WHAT THE TASK REQUIRES:
Repeat, exactly as written, the lines of the records below from the first through the line with "IMISSU Hair Extension", but none past it.

(Records from a collection)
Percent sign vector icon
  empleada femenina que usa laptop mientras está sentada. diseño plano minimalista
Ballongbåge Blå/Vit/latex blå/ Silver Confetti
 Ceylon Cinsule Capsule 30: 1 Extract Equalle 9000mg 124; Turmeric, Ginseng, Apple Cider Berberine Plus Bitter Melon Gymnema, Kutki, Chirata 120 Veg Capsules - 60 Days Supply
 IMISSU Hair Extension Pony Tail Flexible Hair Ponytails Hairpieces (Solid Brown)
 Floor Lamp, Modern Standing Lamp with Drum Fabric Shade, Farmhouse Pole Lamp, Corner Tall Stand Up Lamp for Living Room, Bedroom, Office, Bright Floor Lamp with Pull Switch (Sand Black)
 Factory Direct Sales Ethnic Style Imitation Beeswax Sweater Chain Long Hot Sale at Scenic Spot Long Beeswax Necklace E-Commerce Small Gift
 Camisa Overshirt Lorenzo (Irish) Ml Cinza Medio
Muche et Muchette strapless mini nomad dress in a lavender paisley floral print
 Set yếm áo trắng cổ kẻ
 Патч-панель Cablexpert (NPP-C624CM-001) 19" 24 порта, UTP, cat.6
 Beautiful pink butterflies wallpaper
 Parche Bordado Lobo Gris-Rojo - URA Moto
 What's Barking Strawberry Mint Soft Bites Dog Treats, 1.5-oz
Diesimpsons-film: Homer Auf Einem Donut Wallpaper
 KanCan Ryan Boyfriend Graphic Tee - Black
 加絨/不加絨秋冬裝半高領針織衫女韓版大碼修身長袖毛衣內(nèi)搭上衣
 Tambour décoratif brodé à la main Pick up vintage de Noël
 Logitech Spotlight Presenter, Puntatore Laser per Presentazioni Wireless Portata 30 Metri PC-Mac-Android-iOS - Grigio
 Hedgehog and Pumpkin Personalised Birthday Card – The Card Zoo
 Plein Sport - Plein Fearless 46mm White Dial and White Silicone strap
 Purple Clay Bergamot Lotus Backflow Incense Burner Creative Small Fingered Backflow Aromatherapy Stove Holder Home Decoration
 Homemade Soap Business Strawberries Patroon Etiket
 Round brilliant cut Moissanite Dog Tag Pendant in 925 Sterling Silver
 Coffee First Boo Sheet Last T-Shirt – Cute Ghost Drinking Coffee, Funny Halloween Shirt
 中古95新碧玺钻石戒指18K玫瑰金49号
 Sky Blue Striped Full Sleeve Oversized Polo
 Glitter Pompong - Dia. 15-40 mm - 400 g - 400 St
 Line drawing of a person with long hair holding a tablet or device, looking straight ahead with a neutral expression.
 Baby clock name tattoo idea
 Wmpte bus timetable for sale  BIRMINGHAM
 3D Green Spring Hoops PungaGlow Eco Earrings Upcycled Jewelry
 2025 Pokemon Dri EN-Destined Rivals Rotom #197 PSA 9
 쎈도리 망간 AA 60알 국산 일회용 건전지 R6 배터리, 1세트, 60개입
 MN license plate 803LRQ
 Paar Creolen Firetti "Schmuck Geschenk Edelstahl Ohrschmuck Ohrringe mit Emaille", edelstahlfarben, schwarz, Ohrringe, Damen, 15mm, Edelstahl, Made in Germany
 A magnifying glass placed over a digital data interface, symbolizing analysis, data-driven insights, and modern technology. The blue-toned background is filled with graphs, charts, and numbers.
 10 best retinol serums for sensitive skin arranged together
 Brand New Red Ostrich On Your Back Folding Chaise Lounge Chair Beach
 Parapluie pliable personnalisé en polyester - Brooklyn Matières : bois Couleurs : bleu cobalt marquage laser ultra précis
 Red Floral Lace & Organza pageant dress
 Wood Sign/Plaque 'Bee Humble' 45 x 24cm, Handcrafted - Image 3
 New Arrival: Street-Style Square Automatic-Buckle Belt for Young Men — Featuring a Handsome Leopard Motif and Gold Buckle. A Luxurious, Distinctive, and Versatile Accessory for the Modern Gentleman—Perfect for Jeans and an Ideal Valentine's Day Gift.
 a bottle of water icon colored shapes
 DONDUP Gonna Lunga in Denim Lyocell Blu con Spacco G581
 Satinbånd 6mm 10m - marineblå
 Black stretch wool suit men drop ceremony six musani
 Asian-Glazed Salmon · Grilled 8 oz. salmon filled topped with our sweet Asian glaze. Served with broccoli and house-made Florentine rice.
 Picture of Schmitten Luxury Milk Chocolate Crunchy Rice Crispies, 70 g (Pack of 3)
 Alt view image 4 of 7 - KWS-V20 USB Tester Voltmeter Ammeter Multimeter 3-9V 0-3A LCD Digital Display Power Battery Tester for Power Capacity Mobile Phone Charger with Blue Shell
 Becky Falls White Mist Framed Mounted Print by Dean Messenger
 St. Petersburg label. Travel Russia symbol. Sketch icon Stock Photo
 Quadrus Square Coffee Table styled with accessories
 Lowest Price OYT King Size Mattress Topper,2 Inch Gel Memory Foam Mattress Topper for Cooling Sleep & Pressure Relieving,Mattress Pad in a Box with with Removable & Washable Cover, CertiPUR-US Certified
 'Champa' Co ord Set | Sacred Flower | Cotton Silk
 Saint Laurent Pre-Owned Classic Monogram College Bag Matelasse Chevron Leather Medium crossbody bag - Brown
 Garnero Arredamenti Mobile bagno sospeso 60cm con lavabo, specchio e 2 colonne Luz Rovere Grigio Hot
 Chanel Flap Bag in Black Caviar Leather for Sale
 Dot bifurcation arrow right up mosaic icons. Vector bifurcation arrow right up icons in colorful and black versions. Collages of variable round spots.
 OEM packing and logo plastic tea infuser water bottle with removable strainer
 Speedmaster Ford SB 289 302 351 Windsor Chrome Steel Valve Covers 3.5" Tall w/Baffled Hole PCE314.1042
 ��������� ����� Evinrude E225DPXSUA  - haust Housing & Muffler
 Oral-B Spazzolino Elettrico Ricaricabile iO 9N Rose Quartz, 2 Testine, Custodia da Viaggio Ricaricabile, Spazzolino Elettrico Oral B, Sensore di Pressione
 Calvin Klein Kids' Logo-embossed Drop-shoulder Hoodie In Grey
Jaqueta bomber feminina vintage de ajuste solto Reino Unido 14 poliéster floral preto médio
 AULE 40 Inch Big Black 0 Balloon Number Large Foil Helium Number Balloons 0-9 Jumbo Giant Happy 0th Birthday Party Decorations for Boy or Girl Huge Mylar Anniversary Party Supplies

EXERCISE ANSWER:
Percent sign vector icon
  empleada femenina que usa laptop mientras está sentada. diseño plano minimalista
Ballongbåge Blå/Vit/latex blå/ Silver Confetti
 Ceylon Cinsule Capsule 30: 1 Extract Equalle 9000mg 124; Turmeric, Ginseng, Apple Cider Berberine Plus Bitter Melon Gymnema, Kutki, Chirata 120 Veg Capsules - 60 Days Supply
 IMISSU Hair Extension Pony Tail Flexible Hair Ponytails Hairpieces (Solid Brown)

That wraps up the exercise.